Apart from a procedural error in the conduct of the meeting, if you are just
unhappy that a Motion was decided and you didn't agree with the way the
majority decided, then you could discuss your feelings with the Committee,
and/or the Body Corporate manager, but ultimately, a Body Corporate must be run
democratically i.e. what the majority wants rules the day, provided what they
want is in accordance with the legislation. If you feel that what was decided
may not be in accordance with the legislation, you could check that issue with
your Body Corporate manager and/or the Advice Line of the Commissioner's
Office.
8.7
What is an EGM?
An EGM is an Extraordinary General Meeting.
A Body Corporate only has a requirement under the Act to hold one General
meeting each year - that is the AGM at which the budgets for the new financial
year are decided, and along with other matters, a new Committee is
elected/appointed.
Apart from the AGM, if a need arises because some business the Body Corporate
needs to do requires decisions to be made by Owners at a General meeting i.e. a
matter or matters beyond the power of the Committee to decide, then the only
option open to the Body Corporate is to hold an EGM.
9. About Committee
Meetings:
9.1 How often are
they held?
It is entirely up to the Committee how often meetings are held, or even if
they are held at all.
Committees need to decide themselves how they will organize their affairs to
attend to the regular matters of the Body Corporate, and to special issues
which will always arise from time to time.

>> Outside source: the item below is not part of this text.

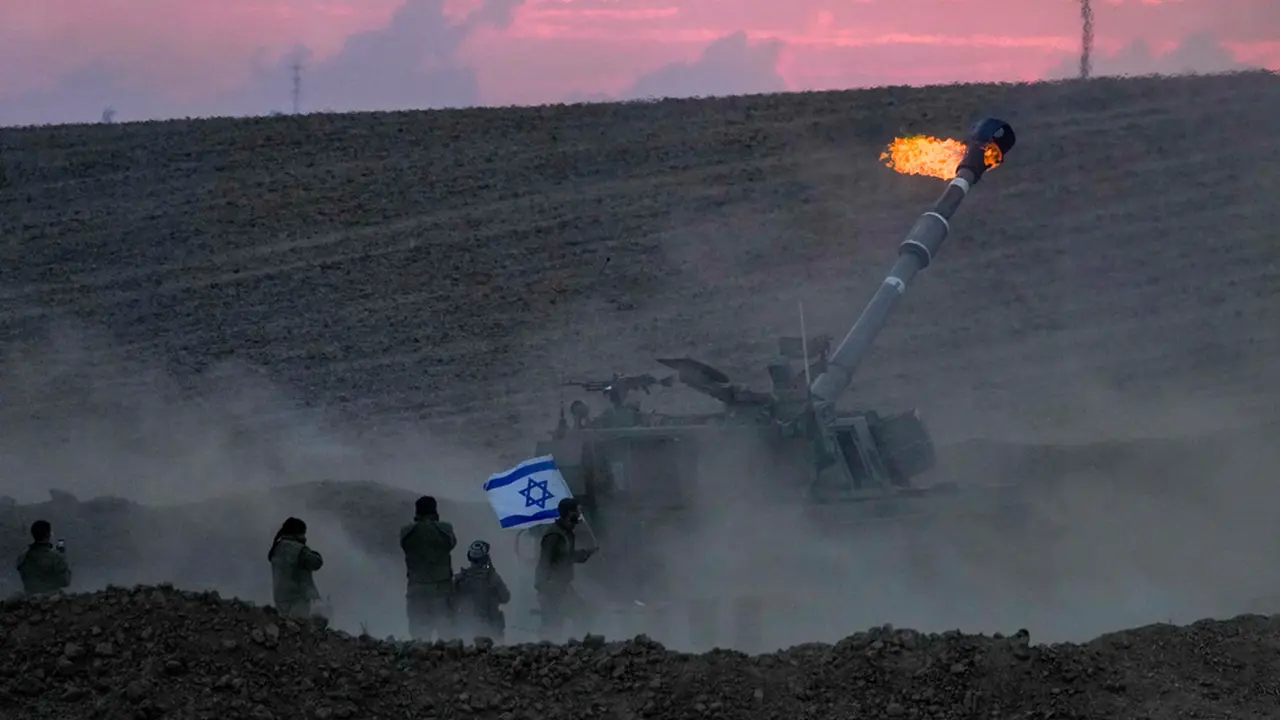 Perang Israel - Palestina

Some Committees decide that they'll have regular, more or less scheduled,
meetings - these could be monthly, bimonthly, quarterly etc. Others decide to
only get together as a need arises. The Act doesn't require the Committee to
have any regular meetings - and apart from an implied requirement for them to
formally decide the new budgets for the AGM, there is no requirement in the
legislation for them to have a meeting at all.
9.2
Who can attend?
Any Owner may attend, provided they have advised the Secretary 24 hours
prior to the meeting that they will be attending. And the Committee can invite
anybody else to their meeting if they wish to e.g. they might invite along some
consultant who is to advise on some maintenance issue.

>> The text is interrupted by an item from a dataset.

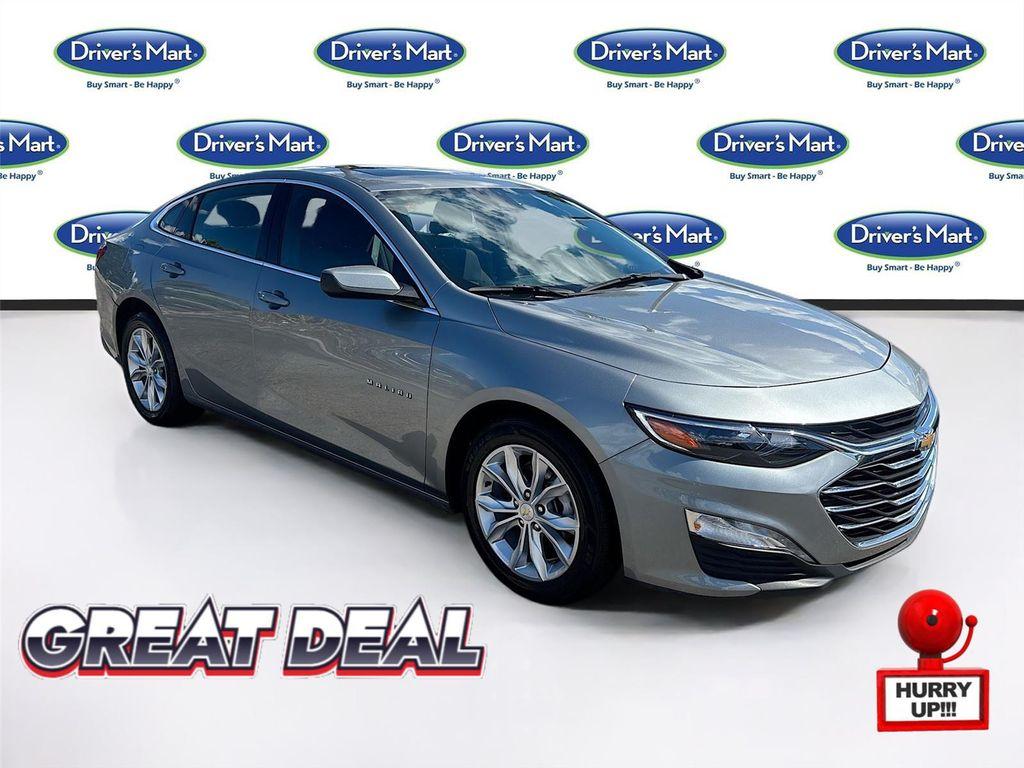 used 2024 Chevrolet Malibu car, priced at $16,495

Owners may only take part in the actual meeting proceedings i.e. make any
comment, to the extent that the Committee allows or invites them to take part -
the basic right of an Owner to attend these Committee meetings extends to
observance of the meeting only.
9.3 How do I get an
issue raised?
Write to the Secretary well before any meeting and ask for a matter to be
put on the Agenda. If you are too late in getting a matter on the Agenda, the
Committee might still discuss it under 'Other Business', or might discuss it
among themselves and via e-mail etc. and then if a decision is required they
have the ability to make proper decisions outside of formal Committee meetings
and ratify them by way of a Postal Poll.
If you feel you are being ignored, discuss your grievance with the Body
Corporate manager.
9.4
What if I'm unhappy with the outcome?
You can formally put your concern to the Committee - we suggest that you do so in writing. If you feel a matter is not being handled in a 'proper' and correct way i.e. not in accordance with the Act, or the intent of the Act, discuss the issue with your Body Corporate manager. Ultimately, you can put any important grievance forward to the Office of the Commissioner as a formal Dispute Submission, but we urge you to only go down that route as a last resort.
9.5
Where are the Minutes of these meetings?
The Minutes of a Committee meeting must be mailed out to all Owners within a
reasonable period following the Committee meeting.

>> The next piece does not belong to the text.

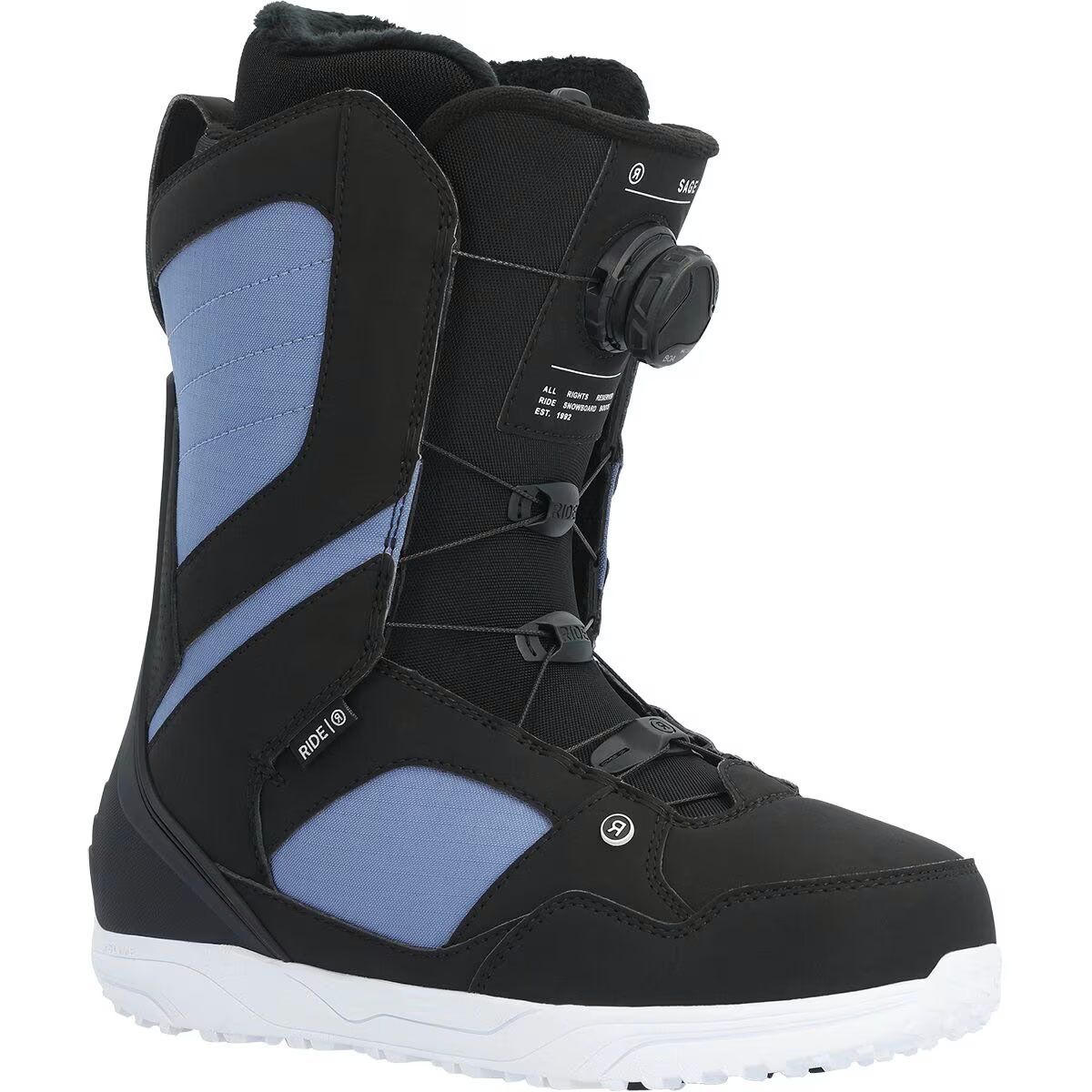 Ride Sage BOA Snowboard Boot - 2025 - Women's Iris, 7.0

The Minutes of all past Committee meetings, and every resolution the Committee
has made are kept with the records of the Body Corporate and can be searched
and inspected by any Owner (fee may apply).
10. About Body
Corporate Managers:
10.1 Are they
required?
It is entirely up to the Owners whether their Body Corporate engages a
professional manager to look after their affairs - there is no requirement
under the Act for a manager to be appointed.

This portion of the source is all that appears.